===== DATA EXCERPTS

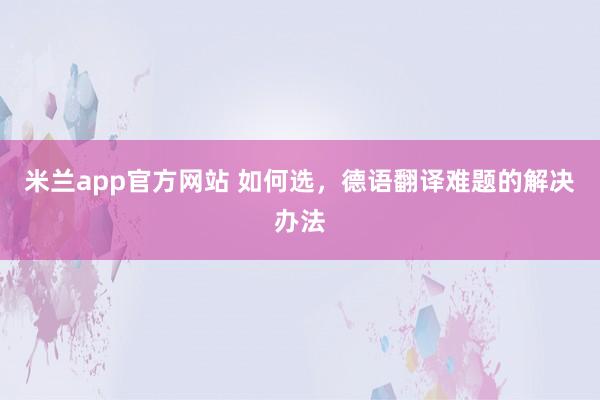 米兰app官方网站 如何选，德语翻译难题的解决办法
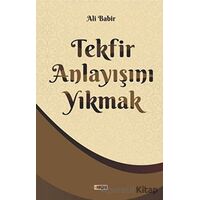 Tekfir Anlayışını Yıkmak - Ali Bapir - Etiket Yayınları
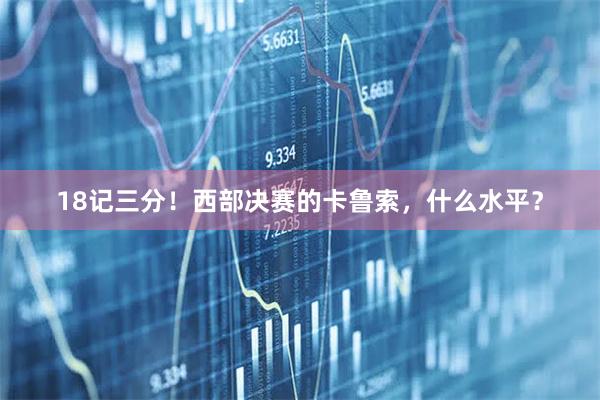 18记三分！西部决赛的卡鲁索，什么水平？
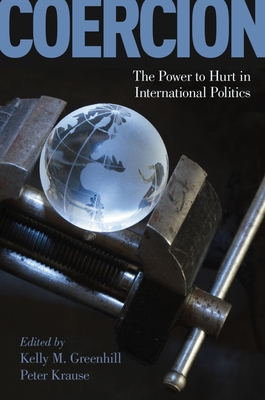 Coercion: The Power to Hurt in International Politics - Greenhill, Kelly M (Editor), and Krause, Peter (Editor)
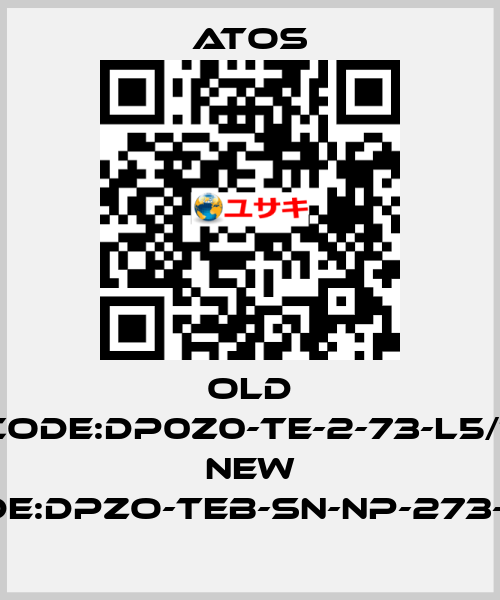 old code:DP0Z0-TE-2-73-L5/1; new code:DPZO-TEB-SN-NP-273-L5/I Atos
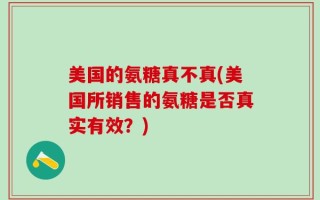 美国的氨糖真不真(美国所销售的氨糖是否真实有效？)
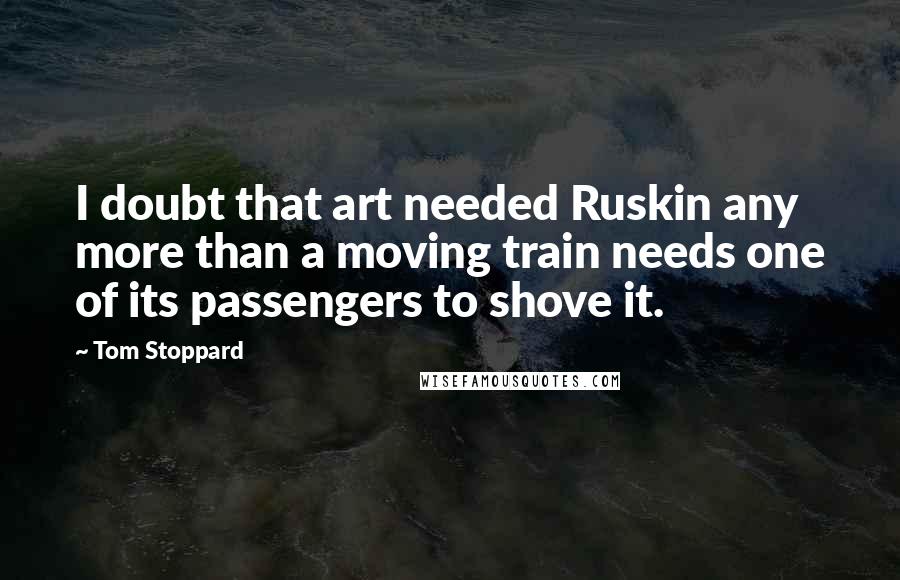 Tom Stoppard Quotes: I doubt that art needed Ruskin any more than a moving train needs one of its passengers to shove it.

==========

▶ WORK ORDER
Print, without pictures, exactly the lines from the one containing "Coercion: The Power" through the final line of the records above.

▶ RESPONSE TO THIS TASK
 Coercion: The Power to Hurt in International Politics - Greenhill, Kelly M (Editor), and Krause, Peter (Editor)
 old code:DP0Z0-TE-2-73-L5/1; new code:DPZO-TEB-SN-NP-273-L5/I Atos
 美国的氨糖真不真(美国所销售的氨糖是否真实有效？)
 Tom Stoppard Quotes: I doubt that art needed Ruskin any more than a moving train needs one of its passengers to shove it.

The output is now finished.